» **What the task asks**
Under this line are records; the part from the line containing "Op de afbeelding: Wit" through the line containing "Vehicle image 28" should be repeated exactly. Please exclude pictures.

» **Material for this task**
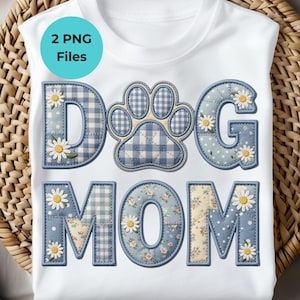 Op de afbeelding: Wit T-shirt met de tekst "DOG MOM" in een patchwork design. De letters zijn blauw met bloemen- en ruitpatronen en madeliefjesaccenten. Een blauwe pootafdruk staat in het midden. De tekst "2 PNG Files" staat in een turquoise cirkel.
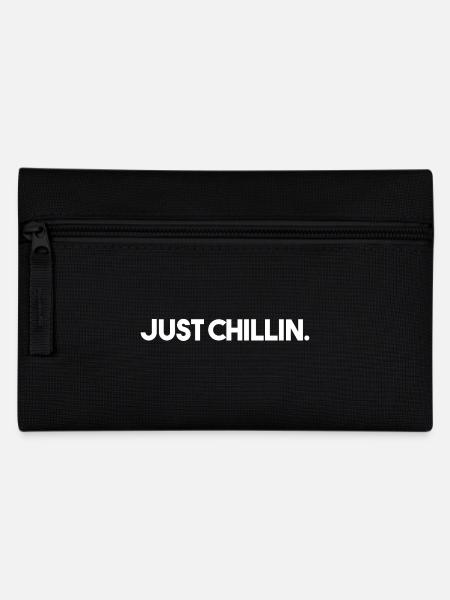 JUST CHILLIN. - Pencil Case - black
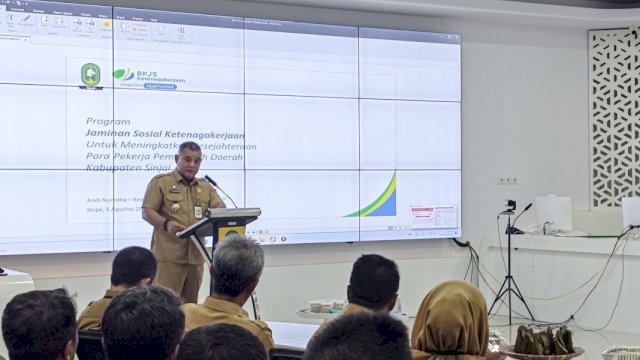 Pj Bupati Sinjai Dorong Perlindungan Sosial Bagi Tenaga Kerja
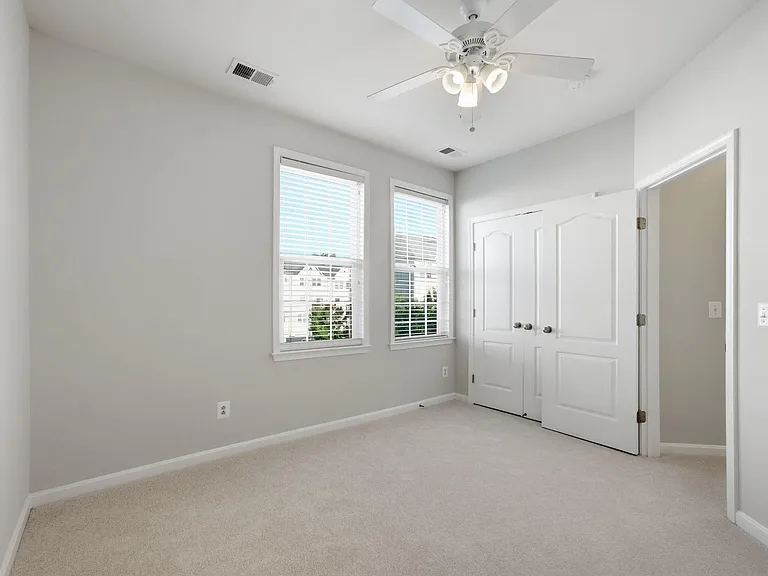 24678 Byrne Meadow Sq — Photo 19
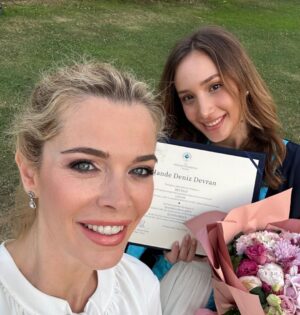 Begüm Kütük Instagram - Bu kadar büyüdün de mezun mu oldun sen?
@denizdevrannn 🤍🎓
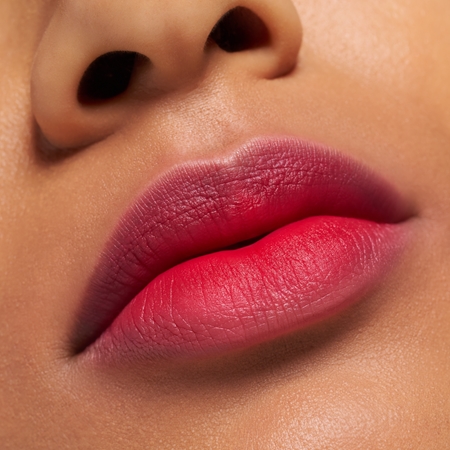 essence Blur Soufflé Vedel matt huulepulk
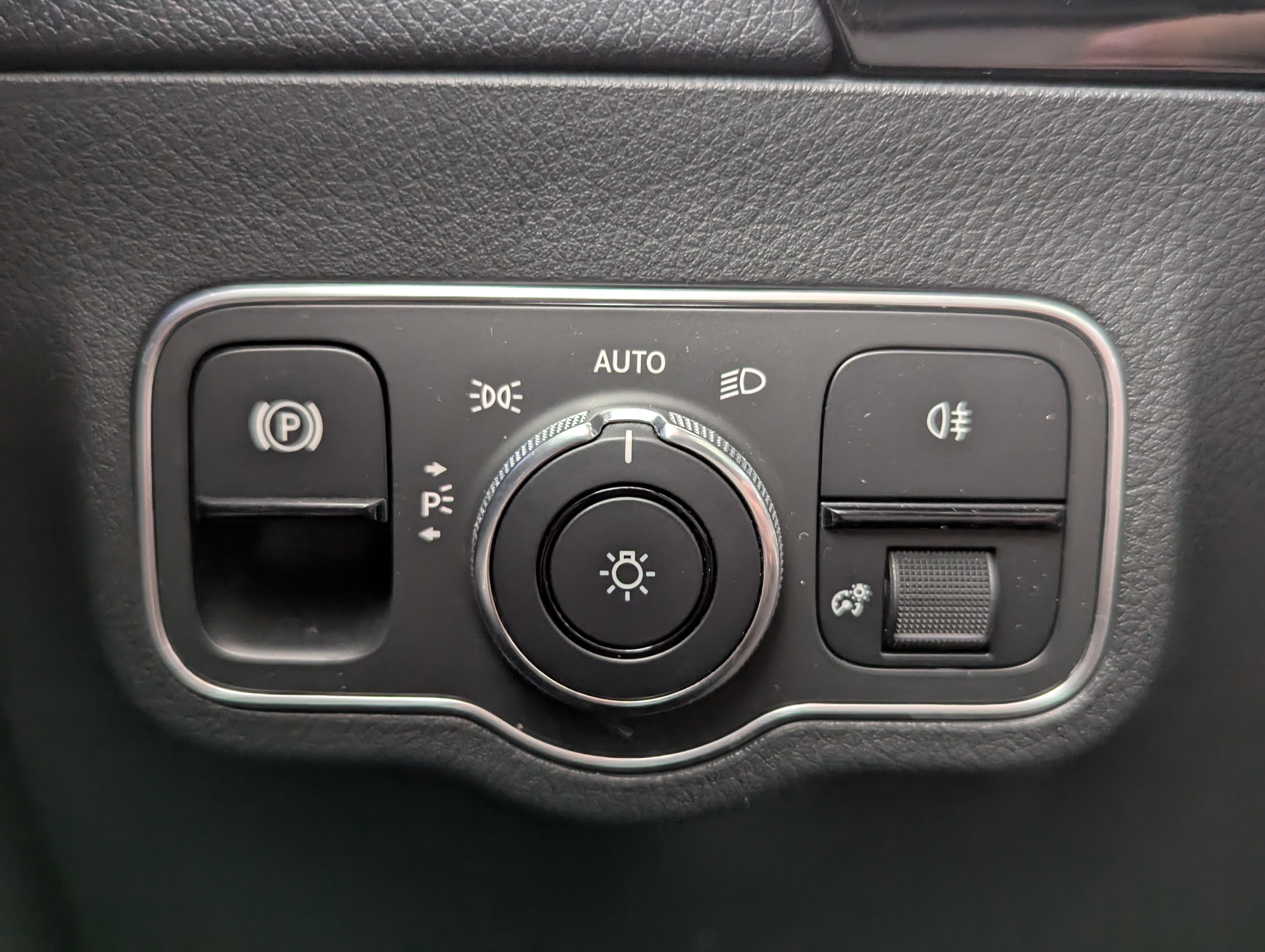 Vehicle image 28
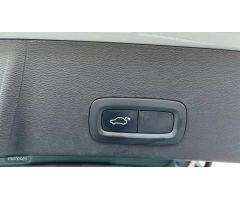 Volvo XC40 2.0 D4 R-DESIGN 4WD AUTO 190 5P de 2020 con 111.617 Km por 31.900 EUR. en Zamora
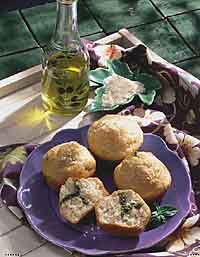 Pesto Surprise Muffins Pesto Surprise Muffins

...

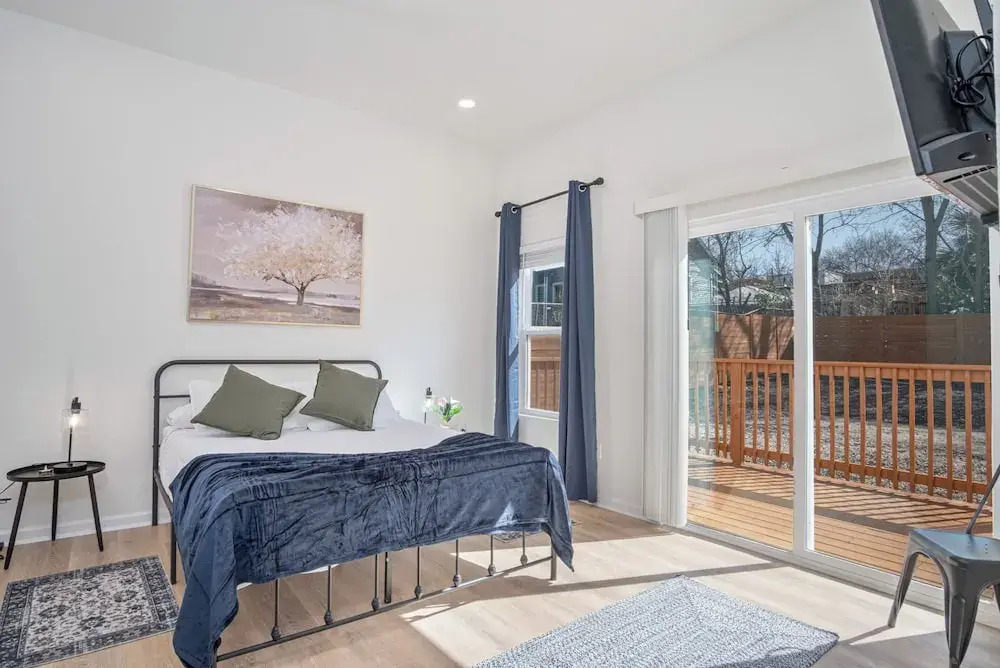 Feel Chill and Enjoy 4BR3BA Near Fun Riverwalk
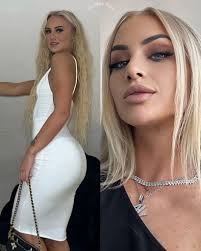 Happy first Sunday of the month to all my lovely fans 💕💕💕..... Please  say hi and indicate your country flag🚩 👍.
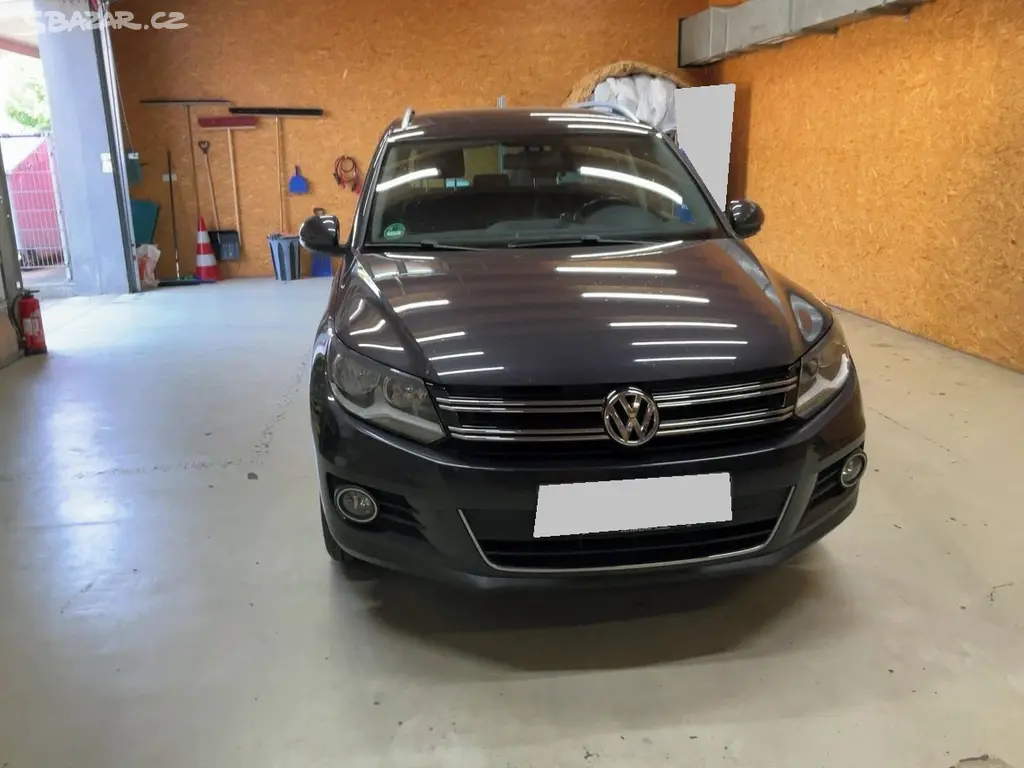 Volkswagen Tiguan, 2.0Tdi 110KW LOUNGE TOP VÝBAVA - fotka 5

» **Solution below**
 Op de afbeelding: Wit T-shirt met de tekst "DOG MOM" in een patchwork design. De letters zijn blauw met bloemen- en ruitpatronen en madeliefjesaccenten. Een blauwe pootafdruk staat in het midden. De tekst "2 PNG Files" staat in een turquoise cirkel.
 JUST CHILLIN. - Pencil Case - black
 Pj Bupati Sinjai Dorong Perlindungan Sosial Bagi Tenaga Kerja
 24678 Byrne Meadow Sq — Photo 19
 Begüm Kütük Instagram - Bu kadar büyüdün de mezun mu oldun sen?
@denizdevrannn 🤍🎓
 essence Blur Soufflé Vedel matt huulepulk
 Vehicle image 28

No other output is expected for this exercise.